WHAT THIS TASK INVOLVES → Exactly the lines below from the one with "Anime Frieren Beyond" up to and including the one with "map of restaurants, bars, coffee" make up the answer, with nothing else added.

DATA SHOWN →
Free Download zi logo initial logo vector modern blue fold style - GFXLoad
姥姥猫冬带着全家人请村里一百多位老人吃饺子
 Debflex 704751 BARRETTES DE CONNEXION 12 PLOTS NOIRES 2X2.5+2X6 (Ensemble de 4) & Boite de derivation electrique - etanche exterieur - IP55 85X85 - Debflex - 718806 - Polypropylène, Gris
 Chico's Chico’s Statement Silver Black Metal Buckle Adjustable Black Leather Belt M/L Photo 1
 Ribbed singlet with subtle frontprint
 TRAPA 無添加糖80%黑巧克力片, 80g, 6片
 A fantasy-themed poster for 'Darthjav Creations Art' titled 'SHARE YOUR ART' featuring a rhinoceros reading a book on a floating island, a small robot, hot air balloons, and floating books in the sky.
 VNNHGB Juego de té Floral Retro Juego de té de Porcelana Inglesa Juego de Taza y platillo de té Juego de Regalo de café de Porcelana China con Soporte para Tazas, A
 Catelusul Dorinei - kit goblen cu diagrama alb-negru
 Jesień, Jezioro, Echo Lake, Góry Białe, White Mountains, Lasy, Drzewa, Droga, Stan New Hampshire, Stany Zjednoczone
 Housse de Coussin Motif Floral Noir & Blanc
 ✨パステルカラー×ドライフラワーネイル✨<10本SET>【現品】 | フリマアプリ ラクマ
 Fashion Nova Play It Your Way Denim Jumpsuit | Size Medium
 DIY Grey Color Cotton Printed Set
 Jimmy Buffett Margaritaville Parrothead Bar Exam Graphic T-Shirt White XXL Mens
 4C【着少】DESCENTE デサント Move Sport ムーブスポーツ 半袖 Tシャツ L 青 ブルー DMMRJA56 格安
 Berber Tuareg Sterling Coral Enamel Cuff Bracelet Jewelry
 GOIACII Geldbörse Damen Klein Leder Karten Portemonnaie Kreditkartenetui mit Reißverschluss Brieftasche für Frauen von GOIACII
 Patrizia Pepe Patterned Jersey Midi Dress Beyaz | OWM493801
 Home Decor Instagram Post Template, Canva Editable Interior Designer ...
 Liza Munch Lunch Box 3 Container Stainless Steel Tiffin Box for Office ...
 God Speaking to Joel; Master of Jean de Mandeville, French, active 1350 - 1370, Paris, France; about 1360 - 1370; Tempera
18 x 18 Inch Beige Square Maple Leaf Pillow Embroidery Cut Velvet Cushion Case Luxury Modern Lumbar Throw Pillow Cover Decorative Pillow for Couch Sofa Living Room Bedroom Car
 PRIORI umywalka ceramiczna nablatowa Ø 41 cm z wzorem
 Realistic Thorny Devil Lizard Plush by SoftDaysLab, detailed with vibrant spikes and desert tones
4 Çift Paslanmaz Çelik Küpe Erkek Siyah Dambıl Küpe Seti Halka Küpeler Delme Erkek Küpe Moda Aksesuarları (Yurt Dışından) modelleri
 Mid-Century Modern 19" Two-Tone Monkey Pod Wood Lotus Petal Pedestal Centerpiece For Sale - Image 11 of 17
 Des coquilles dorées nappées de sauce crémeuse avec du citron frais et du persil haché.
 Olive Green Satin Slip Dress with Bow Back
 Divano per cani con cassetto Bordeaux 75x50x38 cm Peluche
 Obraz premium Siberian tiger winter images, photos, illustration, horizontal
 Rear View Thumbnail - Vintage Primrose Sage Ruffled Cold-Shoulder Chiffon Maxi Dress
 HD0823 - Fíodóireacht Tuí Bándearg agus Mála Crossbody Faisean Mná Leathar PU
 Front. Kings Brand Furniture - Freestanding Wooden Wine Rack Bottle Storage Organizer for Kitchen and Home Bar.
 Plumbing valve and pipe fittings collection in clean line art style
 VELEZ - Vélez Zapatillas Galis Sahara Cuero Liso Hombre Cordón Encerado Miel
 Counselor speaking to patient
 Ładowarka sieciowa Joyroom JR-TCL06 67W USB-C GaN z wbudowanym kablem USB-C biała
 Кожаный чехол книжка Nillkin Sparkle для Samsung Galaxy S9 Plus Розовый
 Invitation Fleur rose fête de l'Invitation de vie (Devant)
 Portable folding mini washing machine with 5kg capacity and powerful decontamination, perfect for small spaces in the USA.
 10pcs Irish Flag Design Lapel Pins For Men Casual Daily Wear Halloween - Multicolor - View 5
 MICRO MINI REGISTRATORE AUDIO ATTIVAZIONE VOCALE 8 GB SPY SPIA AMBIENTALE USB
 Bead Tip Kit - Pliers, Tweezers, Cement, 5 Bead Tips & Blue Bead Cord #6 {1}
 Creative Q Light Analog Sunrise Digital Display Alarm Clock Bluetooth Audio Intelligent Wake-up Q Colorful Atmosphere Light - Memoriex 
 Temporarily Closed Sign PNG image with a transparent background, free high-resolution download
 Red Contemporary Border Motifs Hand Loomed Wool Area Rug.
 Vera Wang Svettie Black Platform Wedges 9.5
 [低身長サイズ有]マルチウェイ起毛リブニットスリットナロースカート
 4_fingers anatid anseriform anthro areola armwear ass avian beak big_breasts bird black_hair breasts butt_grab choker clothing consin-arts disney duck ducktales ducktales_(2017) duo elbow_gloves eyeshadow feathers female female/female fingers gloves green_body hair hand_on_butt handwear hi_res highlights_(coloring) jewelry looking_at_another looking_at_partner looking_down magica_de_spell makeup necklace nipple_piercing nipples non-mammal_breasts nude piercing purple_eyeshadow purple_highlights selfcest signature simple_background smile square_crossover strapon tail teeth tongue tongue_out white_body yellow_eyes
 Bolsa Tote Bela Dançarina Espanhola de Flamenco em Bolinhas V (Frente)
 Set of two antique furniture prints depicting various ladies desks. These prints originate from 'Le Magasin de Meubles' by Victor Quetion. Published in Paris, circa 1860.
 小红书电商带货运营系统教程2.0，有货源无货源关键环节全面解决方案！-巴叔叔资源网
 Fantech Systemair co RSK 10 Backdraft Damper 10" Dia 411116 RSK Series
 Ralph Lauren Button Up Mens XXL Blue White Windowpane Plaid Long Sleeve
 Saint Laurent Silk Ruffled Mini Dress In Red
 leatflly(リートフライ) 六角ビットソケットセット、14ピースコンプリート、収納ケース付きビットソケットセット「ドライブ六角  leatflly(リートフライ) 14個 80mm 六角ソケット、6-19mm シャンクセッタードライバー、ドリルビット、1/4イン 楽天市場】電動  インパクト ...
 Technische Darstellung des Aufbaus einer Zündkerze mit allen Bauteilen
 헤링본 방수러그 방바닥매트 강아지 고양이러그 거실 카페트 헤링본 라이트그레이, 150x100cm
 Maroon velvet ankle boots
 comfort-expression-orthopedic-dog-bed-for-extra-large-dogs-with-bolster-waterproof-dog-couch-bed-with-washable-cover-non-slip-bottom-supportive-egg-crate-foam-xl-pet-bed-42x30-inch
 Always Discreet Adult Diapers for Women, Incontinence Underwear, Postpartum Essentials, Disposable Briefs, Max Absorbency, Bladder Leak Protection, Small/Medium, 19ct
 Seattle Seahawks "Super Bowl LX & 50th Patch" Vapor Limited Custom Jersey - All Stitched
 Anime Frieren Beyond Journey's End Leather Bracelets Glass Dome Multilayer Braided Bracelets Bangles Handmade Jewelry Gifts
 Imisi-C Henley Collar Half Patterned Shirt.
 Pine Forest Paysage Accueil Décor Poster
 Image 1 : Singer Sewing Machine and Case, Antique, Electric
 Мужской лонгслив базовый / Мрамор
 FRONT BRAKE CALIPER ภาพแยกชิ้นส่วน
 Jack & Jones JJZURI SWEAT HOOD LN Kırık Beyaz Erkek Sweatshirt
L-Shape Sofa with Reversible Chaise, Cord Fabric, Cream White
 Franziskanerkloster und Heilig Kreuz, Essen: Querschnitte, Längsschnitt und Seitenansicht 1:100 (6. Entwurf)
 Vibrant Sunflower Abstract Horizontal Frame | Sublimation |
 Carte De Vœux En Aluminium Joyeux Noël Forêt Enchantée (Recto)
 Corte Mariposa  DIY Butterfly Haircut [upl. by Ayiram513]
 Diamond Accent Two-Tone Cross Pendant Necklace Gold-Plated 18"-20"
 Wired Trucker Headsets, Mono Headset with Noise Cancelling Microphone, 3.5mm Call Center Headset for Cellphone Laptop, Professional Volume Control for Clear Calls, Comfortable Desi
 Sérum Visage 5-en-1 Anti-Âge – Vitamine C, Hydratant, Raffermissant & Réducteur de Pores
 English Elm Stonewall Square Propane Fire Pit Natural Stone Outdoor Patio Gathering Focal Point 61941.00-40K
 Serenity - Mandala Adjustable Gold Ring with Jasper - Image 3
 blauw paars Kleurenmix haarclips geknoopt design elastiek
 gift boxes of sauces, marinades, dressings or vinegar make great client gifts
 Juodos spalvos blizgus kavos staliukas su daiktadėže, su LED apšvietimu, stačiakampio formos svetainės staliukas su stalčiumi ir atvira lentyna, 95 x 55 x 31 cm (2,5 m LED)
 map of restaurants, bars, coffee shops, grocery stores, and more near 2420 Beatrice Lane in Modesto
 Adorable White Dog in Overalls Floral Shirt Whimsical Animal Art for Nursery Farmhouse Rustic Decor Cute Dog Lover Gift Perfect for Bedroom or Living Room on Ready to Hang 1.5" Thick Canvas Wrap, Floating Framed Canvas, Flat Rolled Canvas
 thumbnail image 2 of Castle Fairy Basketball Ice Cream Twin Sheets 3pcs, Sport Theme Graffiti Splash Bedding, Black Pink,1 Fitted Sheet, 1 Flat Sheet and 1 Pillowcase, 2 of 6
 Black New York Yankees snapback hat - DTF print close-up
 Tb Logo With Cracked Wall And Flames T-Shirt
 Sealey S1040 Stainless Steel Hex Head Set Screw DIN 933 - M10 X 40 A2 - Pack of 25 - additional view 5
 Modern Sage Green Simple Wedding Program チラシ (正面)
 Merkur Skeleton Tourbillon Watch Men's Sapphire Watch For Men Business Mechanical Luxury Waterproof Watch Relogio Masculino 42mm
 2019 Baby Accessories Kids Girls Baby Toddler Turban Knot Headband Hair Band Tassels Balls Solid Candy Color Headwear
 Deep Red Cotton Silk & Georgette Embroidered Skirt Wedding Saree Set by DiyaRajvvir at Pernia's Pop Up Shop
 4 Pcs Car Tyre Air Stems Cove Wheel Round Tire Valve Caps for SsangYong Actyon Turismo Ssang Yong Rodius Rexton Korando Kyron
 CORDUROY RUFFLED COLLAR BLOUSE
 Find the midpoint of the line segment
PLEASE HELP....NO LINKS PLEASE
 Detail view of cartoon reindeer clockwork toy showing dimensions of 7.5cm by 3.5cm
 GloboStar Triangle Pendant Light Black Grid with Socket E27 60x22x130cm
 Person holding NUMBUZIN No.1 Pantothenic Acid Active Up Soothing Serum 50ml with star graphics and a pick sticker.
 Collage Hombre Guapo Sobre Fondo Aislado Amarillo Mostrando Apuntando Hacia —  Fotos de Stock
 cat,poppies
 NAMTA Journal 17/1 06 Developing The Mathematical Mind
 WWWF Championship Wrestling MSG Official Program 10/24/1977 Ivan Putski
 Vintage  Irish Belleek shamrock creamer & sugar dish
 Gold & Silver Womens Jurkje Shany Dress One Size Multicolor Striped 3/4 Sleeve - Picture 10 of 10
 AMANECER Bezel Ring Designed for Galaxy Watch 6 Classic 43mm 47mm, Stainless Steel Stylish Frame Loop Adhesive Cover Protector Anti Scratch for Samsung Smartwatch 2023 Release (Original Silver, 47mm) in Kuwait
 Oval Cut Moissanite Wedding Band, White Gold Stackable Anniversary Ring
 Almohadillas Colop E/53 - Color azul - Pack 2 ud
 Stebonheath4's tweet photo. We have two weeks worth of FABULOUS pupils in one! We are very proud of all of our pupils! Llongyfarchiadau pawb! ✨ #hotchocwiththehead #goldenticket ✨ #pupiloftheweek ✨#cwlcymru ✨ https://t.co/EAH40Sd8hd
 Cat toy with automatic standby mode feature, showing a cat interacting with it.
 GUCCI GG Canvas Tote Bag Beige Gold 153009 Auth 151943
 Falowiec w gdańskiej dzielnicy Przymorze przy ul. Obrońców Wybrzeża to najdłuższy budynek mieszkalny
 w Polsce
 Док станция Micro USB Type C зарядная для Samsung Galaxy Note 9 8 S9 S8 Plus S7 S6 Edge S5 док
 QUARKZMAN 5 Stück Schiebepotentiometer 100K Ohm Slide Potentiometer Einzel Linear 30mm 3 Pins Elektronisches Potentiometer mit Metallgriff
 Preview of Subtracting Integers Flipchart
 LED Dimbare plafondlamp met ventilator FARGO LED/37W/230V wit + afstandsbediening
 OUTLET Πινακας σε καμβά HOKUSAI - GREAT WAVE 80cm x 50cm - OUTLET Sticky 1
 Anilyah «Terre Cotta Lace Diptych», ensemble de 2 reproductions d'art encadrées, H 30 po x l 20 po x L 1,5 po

EXERCISE ANSWER →
 Anime Frieren Beyond Journey's End Leather Bracelets Glass Dome Multilayer Braided Bracelets Bangles Handmade Jewelry Gifts
 Imisi-C Henley Collar Half Patterned Shirt.
 Pine Forest Paysage Accueil Décor Poster
 Image 1 : Singer Sewing Machine and Case, Antique, Electric
 Мужской лонгслив базовый / Мрамор
 FRONT BRAKE CALIPER ภาพแยกชิ้นส่วน
 Jack & Jones JJZURI SWEAT HOOD LN Kırık Beyaz Erkek Sweatshirt
L-Shape Sofa with Reversible Chaise, Cord Fabric, Cream White
 Franziskanerkloster und Heilig Kreuz, Essen: Querschnitte, Längsschnitt und Seitenansicht 1:100 (6. Entwurf)
 Vibrant Sunflower Abstract Horizontal Frame | Sublimation |
 Carte De Vœux En Aluminium Joyeux Noël Forêt Enchantée (Recto)
 Corte Mariposa  DIY Butterfly Haircut [upl. by Ayiram513]
 Diamond Accent Two-Tone Cross Pendant Necklace Gold-Plated 18"-20"
 Wired Trucker Headsets, Mono Headset with Noise Cancelling Microphone, 3.5mm Call Center Headset for Cellphone Laptop, Professional Volume Control for Clear Calls, Comfortable Desi
 Sérum Visage 5-en-1 Anti-Âge – Vitamine C, Hydratant, Raffermissant & Réducteur de Pores
 English Elm Stonewall Square Propane Fire Pit Natural Stone Outdoor Patio Gathering Focal Point 61941.00-40K
 Serenity - Mandala Adjustable Gold Ring with Jasper - Image 3
 blauw paars Kleurenmix haarclips geknoopt design elastiek
 gift boxes of sauces, marinades, dressings or vinegar make great client gifts
 Juodos spalvos blizgus kavos staliukas su daiktadėže, su LED apšvietimu, stačiakampio formos svetainės staliukas su stalčiumi ir atvira lentyna, 95 x 55 x 31 cm (2,5 m LED)
 map of restaurants, bars, coffee shops, grocery stores, and more near 2420 Beatrice Lane in Modesto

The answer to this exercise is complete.